The data –
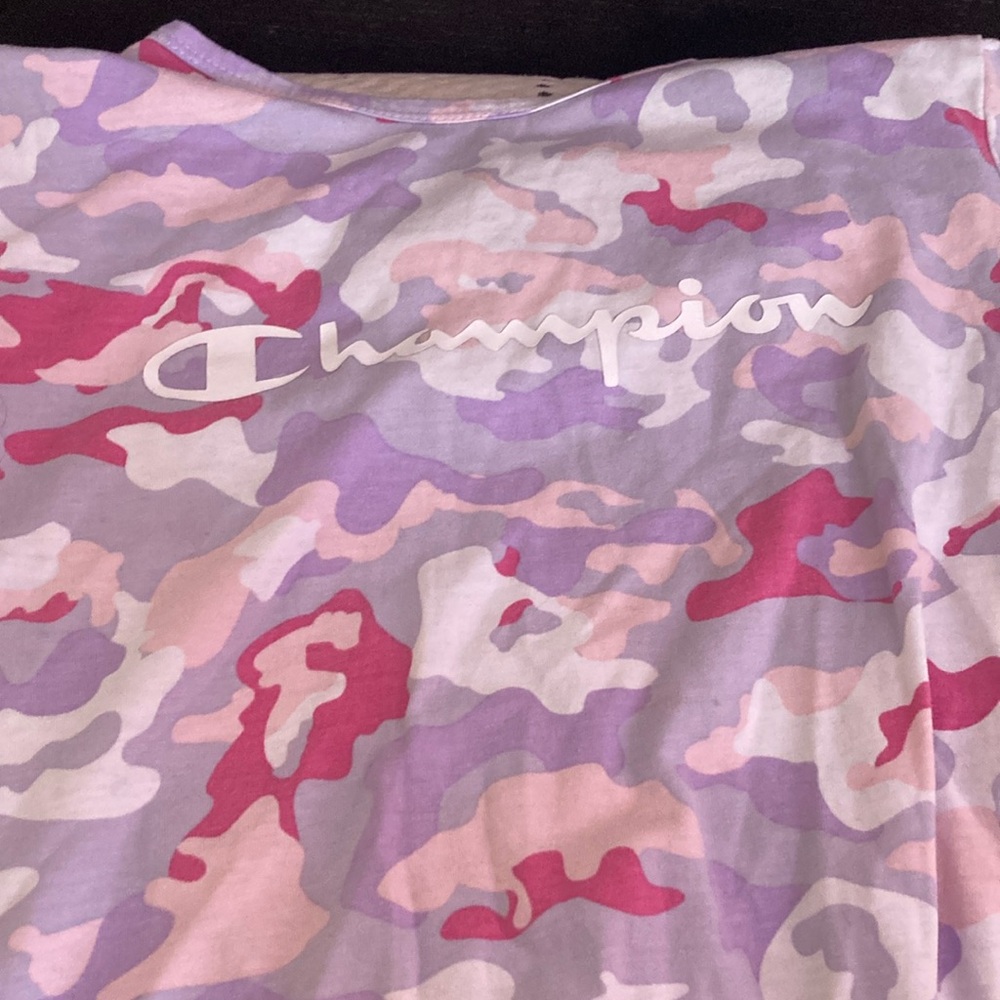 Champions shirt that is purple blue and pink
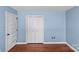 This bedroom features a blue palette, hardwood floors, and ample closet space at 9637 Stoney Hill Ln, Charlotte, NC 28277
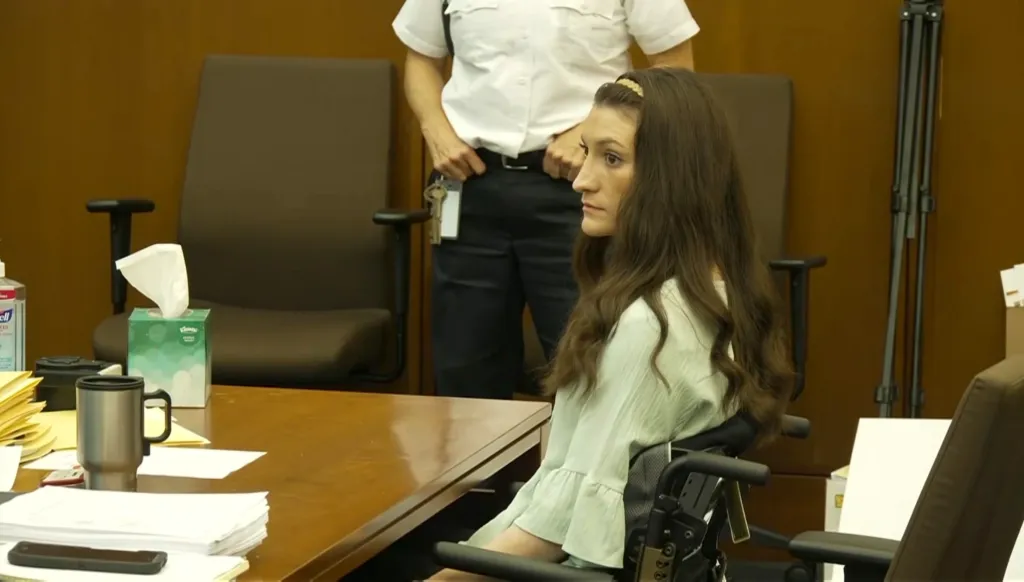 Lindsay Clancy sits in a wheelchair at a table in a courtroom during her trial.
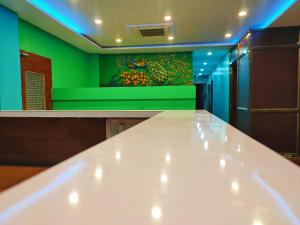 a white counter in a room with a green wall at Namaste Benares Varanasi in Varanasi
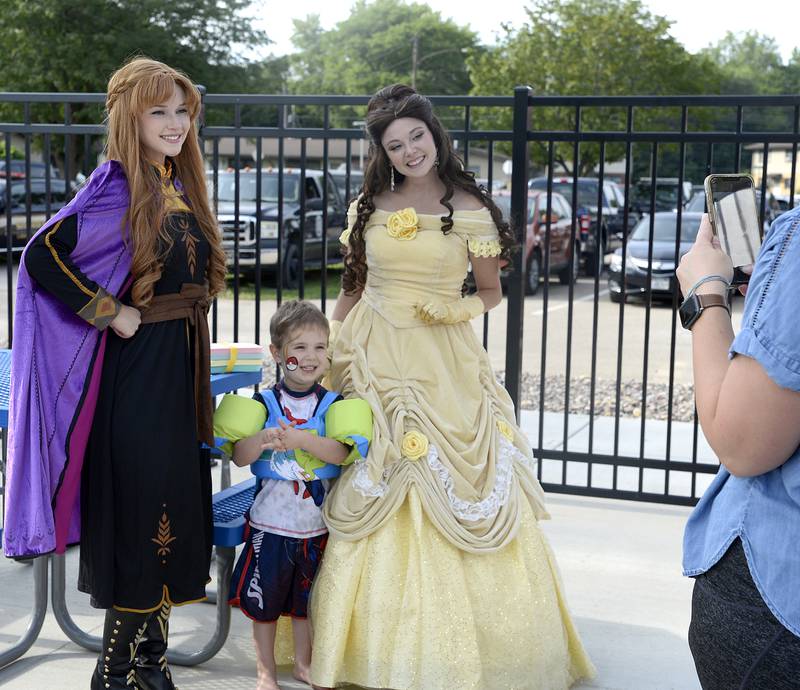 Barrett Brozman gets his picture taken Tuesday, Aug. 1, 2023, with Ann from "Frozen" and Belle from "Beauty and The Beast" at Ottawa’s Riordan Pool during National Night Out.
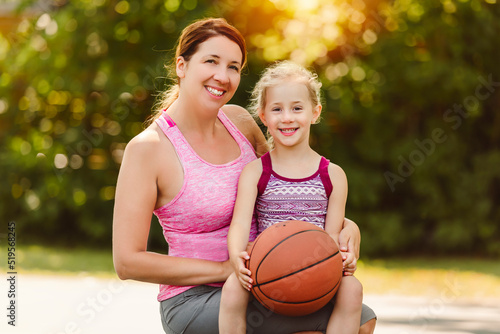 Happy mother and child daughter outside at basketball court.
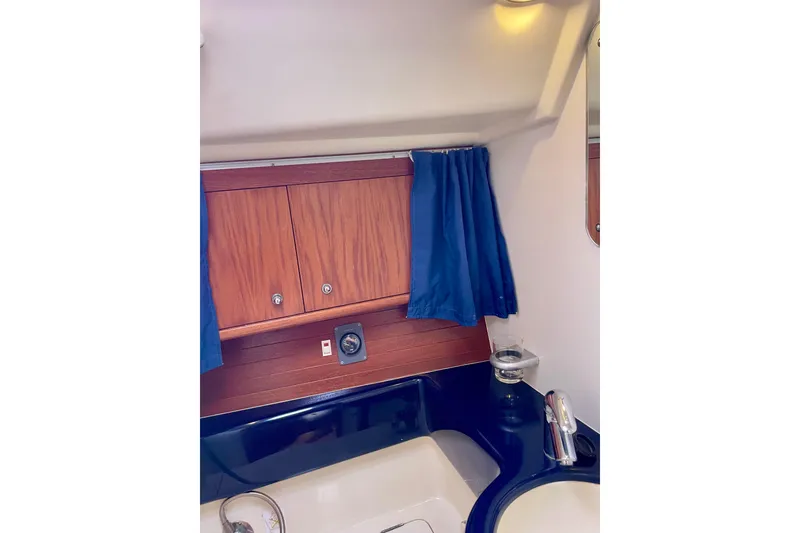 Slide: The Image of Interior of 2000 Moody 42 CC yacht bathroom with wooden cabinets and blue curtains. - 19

Problem requirements – Pictures are to be dropped; the lines from the start of the entries above through the line with "a white counter" are to be given again verbatim.

Result for this task –
 Champions shirt that is purple blue and pink
 This bedroom features a blue palette, hardwood floors, and ample closet space at 9637 Stoney Hill Ln, Charlotte, NC 28277
 Lindsay Clancy sits in a wheelchair at a table in a courtroom during her trial.
 a white counter in a room with a green wall at Namaste Benares Varanasi in Varanasi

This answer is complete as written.